In London, we may see a three-star award for an Irish chef, if Core by Clare Smyth lands a third star
Other contenders include Allta, in Dublin, headed by Niall Davidson, a chef the inspectors will be familiar with from his time in London. But as it was open for only a limited time, Michelin is unlikely to have had sufficient opportunities to visit. It should be a shoo-in for 2022.
Bastible, in Dublin, has been in the frame, but, again, it is unlikely that the inspectors have had enough opportunity to visit since the departure of the Noma alumnus Cúán Greene.

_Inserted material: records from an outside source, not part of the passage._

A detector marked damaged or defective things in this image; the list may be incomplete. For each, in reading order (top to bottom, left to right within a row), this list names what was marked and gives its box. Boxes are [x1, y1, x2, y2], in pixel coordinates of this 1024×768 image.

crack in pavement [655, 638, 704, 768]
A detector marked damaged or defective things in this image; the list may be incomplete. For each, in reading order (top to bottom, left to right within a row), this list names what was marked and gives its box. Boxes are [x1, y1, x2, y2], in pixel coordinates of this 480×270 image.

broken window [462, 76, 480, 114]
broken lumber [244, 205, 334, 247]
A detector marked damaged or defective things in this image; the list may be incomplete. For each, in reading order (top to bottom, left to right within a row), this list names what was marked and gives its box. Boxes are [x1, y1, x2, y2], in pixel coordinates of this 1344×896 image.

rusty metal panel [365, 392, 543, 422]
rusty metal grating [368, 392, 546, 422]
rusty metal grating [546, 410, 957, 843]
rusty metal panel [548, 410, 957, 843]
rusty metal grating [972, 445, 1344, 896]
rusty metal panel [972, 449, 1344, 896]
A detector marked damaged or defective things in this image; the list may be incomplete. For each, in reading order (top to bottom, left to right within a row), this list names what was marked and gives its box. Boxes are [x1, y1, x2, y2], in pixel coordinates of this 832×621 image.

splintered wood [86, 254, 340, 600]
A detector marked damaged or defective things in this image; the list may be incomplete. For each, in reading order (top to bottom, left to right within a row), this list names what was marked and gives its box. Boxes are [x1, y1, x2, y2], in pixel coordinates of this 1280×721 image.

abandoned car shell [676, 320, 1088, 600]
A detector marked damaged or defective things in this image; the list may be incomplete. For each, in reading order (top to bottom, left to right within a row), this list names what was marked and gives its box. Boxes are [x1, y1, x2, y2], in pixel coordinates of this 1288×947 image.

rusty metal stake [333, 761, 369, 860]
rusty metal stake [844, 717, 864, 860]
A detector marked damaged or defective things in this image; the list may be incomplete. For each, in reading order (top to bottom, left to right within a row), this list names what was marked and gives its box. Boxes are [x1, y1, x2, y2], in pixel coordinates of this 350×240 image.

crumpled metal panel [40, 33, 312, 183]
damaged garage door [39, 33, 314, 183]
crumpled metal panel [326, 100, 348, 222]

Liath, in Blackrock in south Co Dublin, is rumoured to be on the watch list as somewhere with ambitions beyond one star, but as it has been closed for most of 2020, no change is expected there.
For the Bib Gourmand awards, which the guide defines as places that offer “good quality, good value cooking”, there is potential for more additions, including Pickle, Volpe Nera, Mamó, Potager, and Woodruff in Dublin; Beach House, in Tramore, Co Waterford; and Éan, in Galway; as well as places Michelin visited recently: Quinlan & Cooke, in Kerry; An Port Mór in Westport, Co Mayo; Oar Doolin in Co Clare; and Goldie and Cush, in Cork.
The buzz is more likely to be around the new “green star” award for “restaurants committed to advocating a virtuous, sustainable approach to gastronomy”. Aishling Moore’s fin-to-tail fish cookery at Goldie is likely to be on point, as is Loam, which received the sustainability award last year, and Ean, its recently opened sister restaurant.
We will see the return of the sommelier award, which was won by Jurica Gojevic of Adare Manor in 2019, and also two new awards: young chef and service. Also of interest is the recently launched Michelin app, which is free of charge (indicating that we, the diners, are the product) and allows access to more than 20,000 selected restaurants and hotels globally. User friendly and well designed, it will soon include a booking mechanism.
At this evening’s ceremony, which will be hosted by Gwendal Poullennec, the international director of Michelin Guides, we can expect slick PR videos; speeches peppered with words like tenacity, resilience, excellence and creativity; and, we are hoping, a few wins for Ireland’s wonderful chefs, who deserve so much of our support.